Wednesday, August 31, 2011

Soccer as Birth Control

As an example of how crazy we have become, I will start with communications. When I played soccer as a youth, I am quite certain that my parents probably saw one flyer at the beginning of the year, outlining the practice schedule. There was probably a one page flyer handed out at the first or second practice that outlined the game schedule for the entire season, and that was that. With two pieces of paper, everyone knew where they needed to be and when.

When it was time for soccer practice, I was told to get on my bike and go to soccer practice. Why on Earth would my parents have driven me there, let alone stayed for the entire practice to watch? That was what the coach was for. When practice was over, the coach told us to go home. Simple.

Fast-forward to today. As I write this, I am sitting in a lawn chair watching Son Number Two's soccer practice. The miracle of modern tablet computers makes this possible, but does not answer the question of, "Why am I here?"

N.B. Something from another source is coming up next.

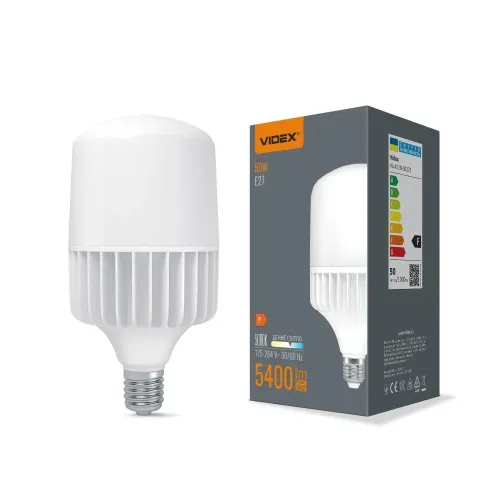 LED лампа VIDEX A118 50W E27 5000K LED лампа VIDEX A118 50W E27 5000K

When did a child's sports practice become so important to us that we feel the need to have it take up an hour-plus of the parent's time also? I don't have the exact answer for that, but I do know it happened sometime in between when I was a kid and when I had kids of my own.

There has been an obvious shift in how safe we feel the world is, because parents today don't let their kids travel across town by themselves as readily as our parents did. As a result, we are raising a generation of kids who get lost a block from their own houses, but that's a separate subject. The safety issue explains why the parents drive their kids to practice, but not necessarily why they stay to watch. I guess a lot of it has to do with excessive trips. Once I'm here, I might as well just hang around until it's over. The occasional parent runs a quick errand, but for the most part, they just pull up a lawn chair and worry about their child dehydrating, or marvel at why two grown men can’t get nine five-years-olds to stand still in a straight line even if their lives depended on it.

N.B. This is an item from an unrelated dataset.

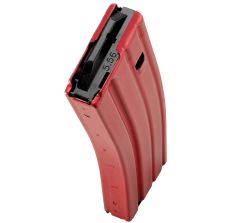 DURAMAG Magazine 223 Remington AR 30rd Red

Now, back to the communication issue. In stark contrast to the two paper flyers that handled the logistics for an entire soccer season of my youth, today's soccer leagues run on e-mails. A lot of e-mails. Based on my experiences so far, to run a youth soccer team these days requires approximately three e-mails per day be sent to each parent, starting two months before the first practice and never missing a day throughout the whole season.
There are vital logistical issues to address on an almost hourly basis, such as team banner design and procurement, uniform sizes, proper cleat specifications for the particular league, the heat index, the air quality index, proper child hydration techniques, acceptable soccer ball sizes, fluctuating practice schedules, fluctuating practice locations, raffle ticket distribution and sales, team sponsor procurement, team parent selection, game day halftime snack coordination, team sponsor patronage, game day-post game treat coordination, game day halftime snack and post-game treat food allergy considerations, coach and team parent fingerprinting and FBI background check verification, elementary school extracurricular activity scheduling conflicts, end-of-year party location and party theme, individual end-of-year trophy selection and procurement, game day sideline bench procurement or manufacture, game day sideline bench assembly duty schedule, opening day ceremonies schedule, sideline shade tent ownership queries, game day sideline shade tent assembly duties, coach and team parent end-of-season gift coordination, proper shinguard selection and management, picture and video collection for end-of-season media DVD, game day jersey color, etcetera, etcetera.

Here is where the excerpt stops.